Top of Exercise materials

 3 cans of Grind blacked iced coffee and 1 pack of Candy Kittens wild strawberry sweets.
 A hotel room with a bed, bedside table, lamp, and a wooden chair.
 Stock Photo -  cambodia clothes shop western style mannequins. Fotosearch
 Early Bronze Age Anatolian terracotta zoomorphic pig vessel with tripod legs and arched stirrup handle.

Bottom of Exercise materials
Top of Exercise materials

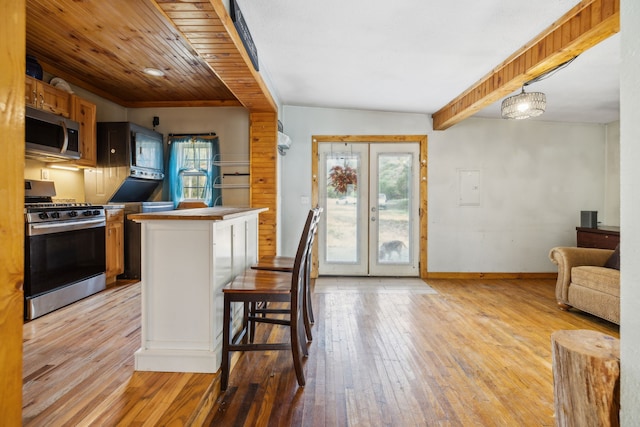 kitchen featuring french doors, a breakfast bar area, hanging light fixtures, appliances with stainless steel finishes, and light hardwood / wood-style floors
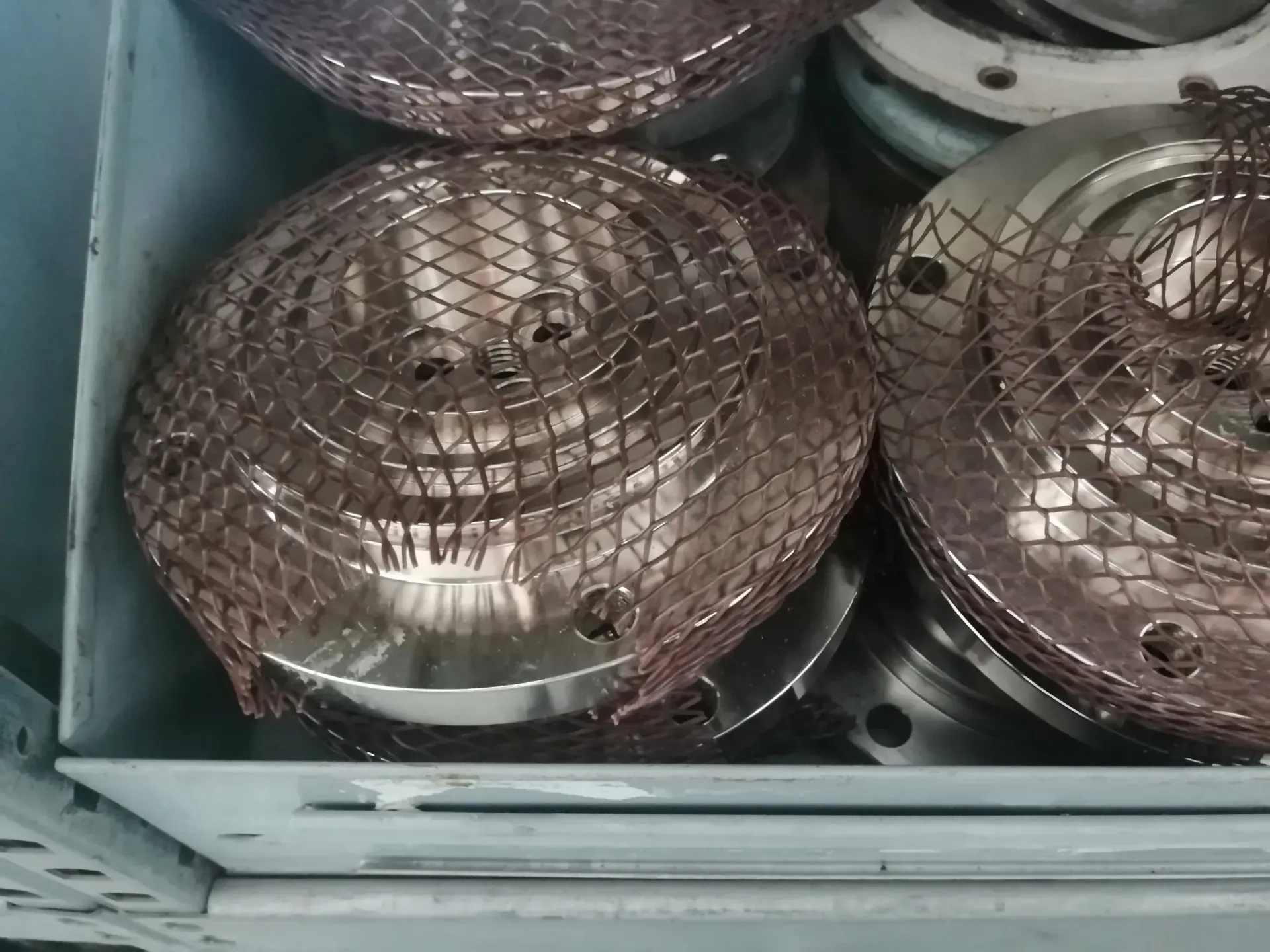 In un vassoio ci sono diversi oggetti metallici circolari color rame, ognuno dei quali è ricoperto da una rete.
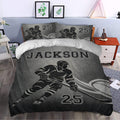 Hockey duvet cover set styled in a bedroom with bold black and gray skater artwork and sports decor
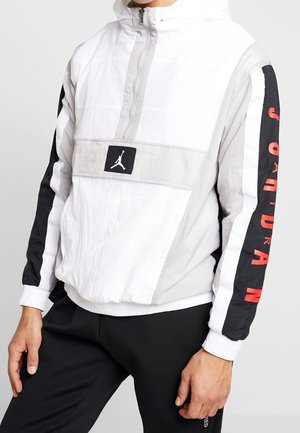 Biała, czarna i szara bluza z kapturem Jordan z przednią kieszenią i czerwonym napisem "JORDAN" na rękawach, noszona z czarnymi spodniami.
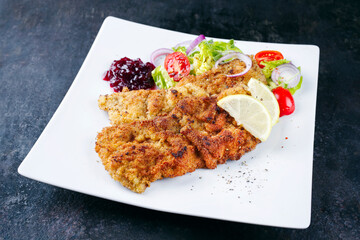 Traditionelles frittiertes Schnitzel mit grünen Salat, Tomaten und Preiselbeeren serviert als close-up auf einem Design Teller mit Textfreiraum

Bottom of Exercise materials

→ **Task instructions**: Output exactly the stretch of the listing that begins at the line containing "In un vassoio" and ends at the line containing "Hockey duvet cover", both kept. Omit pictures and everything else.

→ **Output for this task**:
 In un vassoio ci sono diversi oggetti metallici circolari color rame, ognuno dei quali è ricoperto da una rete.
 Hockey duvet cover set styled in a bedroom with bold black and gray skater artwork and sports decor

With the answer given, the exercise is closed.